Consider a simple CSS snippet:

h1, h2 {
   padding: 0;
   margin-bottom: 0.5em;
}

h1 {
   font-size: 32px;
   font-weight: bold;
}

h2 {
   font-size: 24px;
   font-weight: bold;
}

The first rule tells you that for all elements that match either the h1 or h2 selectors, the two declarations should apply.

You could visualize this CSS as a 5x2 binary matrix A^T where the n columns correspond to simple selectors (i.e., without commas in them) and the m rows correspond to declarations:

	`h1`	`h2`
`padding: 0`	1	1
`margin-bottom: 0.5em`	1	1
`font-size: 32px`	1	0
`font-size: 24px`	0	1
`font-weight: bold`	1	1

You could also transpose the matrix, yielding A with m rows denoting selectors and n columns denoting declarations. For my homepage’s CSS, m = 60 and n = 81; for bigger stylesheets, several thousand in either direction is not uncommon.
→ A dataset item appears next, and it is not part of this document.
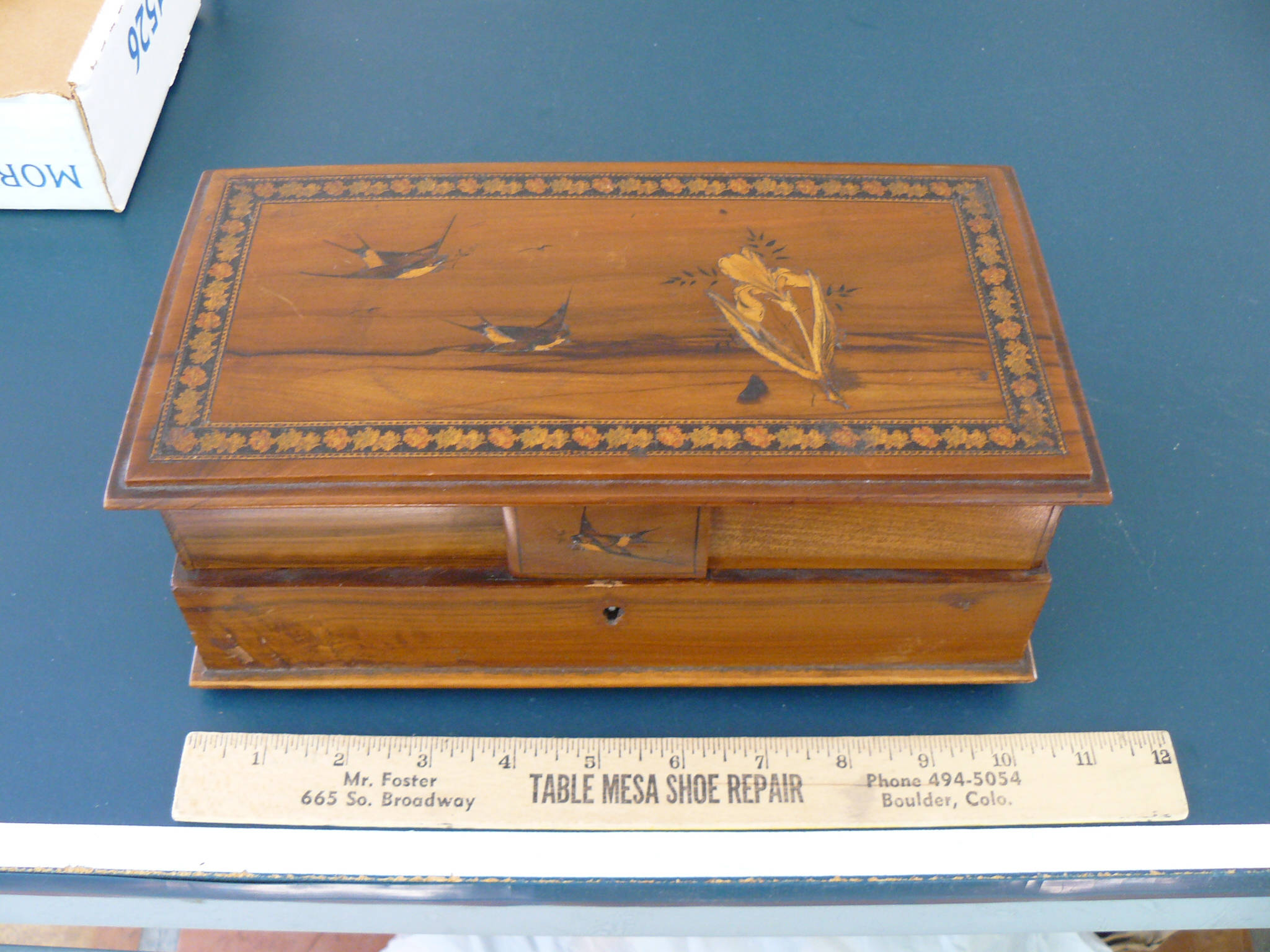 box1.jpg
Now, linear algebra gives us algorithms to find a matrix A′ ≈ A such that there exists a decomposition A′ = B × C, where B has dimensions m × r, C has dimensions r × n, and r is small – typically much smaller than m or n. So this is a way of dimensionality reduction.

In the usual algebra of real numbers, there’s no guarantee that B or C will themselves be binary matrices – in fact, most likely they won’t. But if we operate in Boolean algebra instead (i.e. one where 1 + 1 = 1), then both B and C will be binary. The flip side is that the Boolean BMF problem is NP-hard, so the algorithms found in the wild perform approximate decompositions, not guaranteed to be optimal.

But that’s okay, because lossiness is inherent in what we’re doing anyway, and it turns the binary matrices B and C are readily interpretable. Look again at the CSS matrix above: why is there a 1 in the top-left cell? Because at least one of the CSS rules stipulates the declaration padding: 0 for the selector h1.

This is exactly the definition of matrix multiplication in the Boolean algebra. The matrix A′ will have a 1 at coordinates [i, j] iff there is at least one k ∈ {1, …, r} such that B[i, k] = 1 and C[k, j] = 1. So the columns of B and rows of C actually correspond to CSS rules! Every time you write CSS, you’re actually writing out binary matrices – and the browser is multiplying them to get at the actual behaviour.

Well, not really, but it’s one way to think about it. It’s not perfect – it completely glosses over rules overlapping each other and having precedence, and treats them as equally important – but it somewhat works!

You could plug in any BMF algorithm to this approach. For cssfact, I’ve picked the code by Barahona and Goncalves 2019 – sadly, I wasn’t able to find the actual paper – not because it performs spectacularly well (it’s actually dog-slow on larger stylesheets), but because I was easily able to make it work and interface with it.

Why

Why not?

The sheer joy of exploration is reason enough, but I believe there are potential practical applications. CSS codebases have the tendency to grow organically and eventually start collapsing under their own weight, and they have to be maintained very thoughtfully to prevent that. In many CSS monstrosities found in the wild, there are much cleaner, leaner, essence-capturing cores struggling to get out.

This tool probably won’t automatically extract them for you – so don’t put it in your CI pipeline – but by perusing the CSS that it produces and cross-checking it with the input, you could encounter hints on what redundancy there is in your styles. Things like “these components are actually very similar, so maybe should be united” may become more apparent.